RACHEL BAKICH, Channels Staff

City College’s Associated Student Government held a few events for students this semester, but its main focus was on creating a better system of organization between members.

Although senators co-sponsored some events, they did not accomplish everything on their to-do list this semester. Instead, they worked from the inside and built a stronger structure within the senate, hoping to be more effective leaders in the spring.

“Most of our goals were pretty ambitious at first,” said Mathew Marino, vice president of internal affairs. “When we finally got to that goal setting process, there was just a lot of stuff we wanted to do and I think it was a little overwhelming.”

The Associated Student Government is a group of 18 students elected to represent the student body at City College, Friday, Nov. 20, in Campus Center Room 223.
Rachel Bakich
The Associated Student Government is a group of 18 students elected to represent the student body at City College, Friday, Nov. 20, in Campus Center Room 223.

Senate President Isaac Eaves said the senators have been on campus socializing with the students, as well sending out newsletters through Pipeline.

The members also held a student outreach table in September, where students could bring their concerns to senators and fill out a five-minute survey.

“It’s been a long process but I finally have students actually know who I am and bring issues to me,” Eaves said.

Senators have participated in other socializing events, such as co-sponsoring a tailgate party with the international student ambassadors in early November. It was held at La Playa Stadium before a home football game, and music and free food were provided for the students.

They also helped create Meet Your Neighbors Day, where residents of Isla Vista gathered and got to know each other over food, movies and music.

In order to have students more involved on campus, the senate held two club days on East Campus in early September and mid-October.

“We currently have 57 active clubs and we communicate with them,” Eaves said.

This semester, senate members also worked on the college’s public image around the Mesa area. This included events like the one in September, in which multiple senators and volunteers cleaned up trash around Mesa neighborhoods.

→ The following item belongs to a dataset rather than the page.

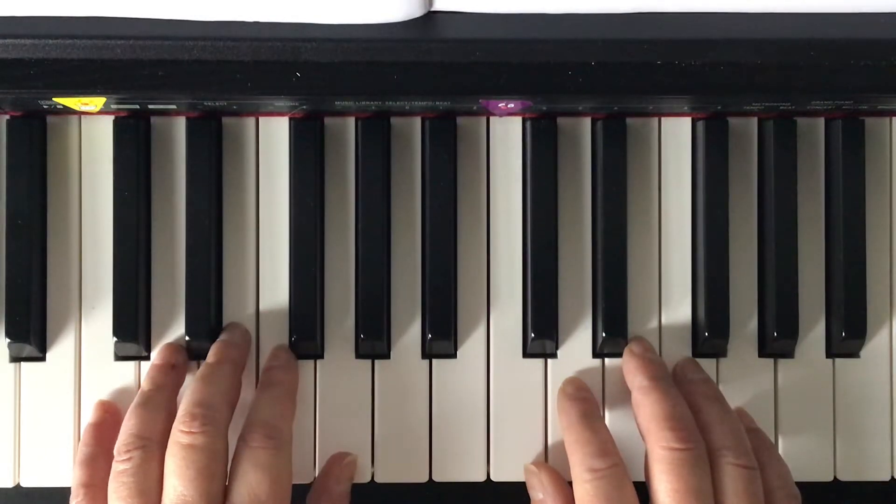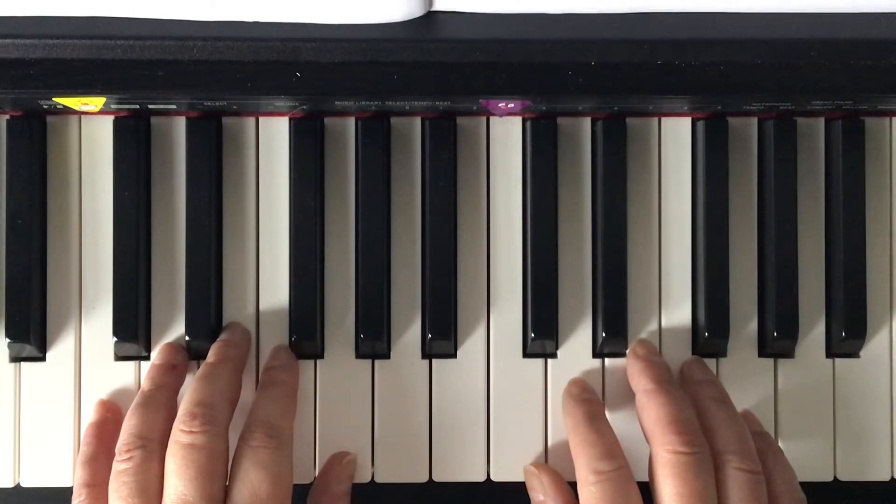The melody's in the left hand and the blocked chords are in the right hand. I count and we play together. Ready?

“That kind of helped build relationships with the neighbors and kind of like made SBCC students look a little better,” Eaves said.

Originally, the senators planned on holding debates on campus so students could become more educated during voting season. They also planned to add more Hydration stations around campus, and improve the school’s wireless, parking and housing availability. They planned to lobby for free education, hold a mass game of volleyball and bring food trucks on campus.

“I think it was a little lacking this semester,” Marino said. “ I definitely wish we were a little more connected.”

Although senators did not accomplish all their goals this semester, they hope to begin spring as a stronger team.

“I’m hoping we can get everyone on a running start next semester,” Eaves said.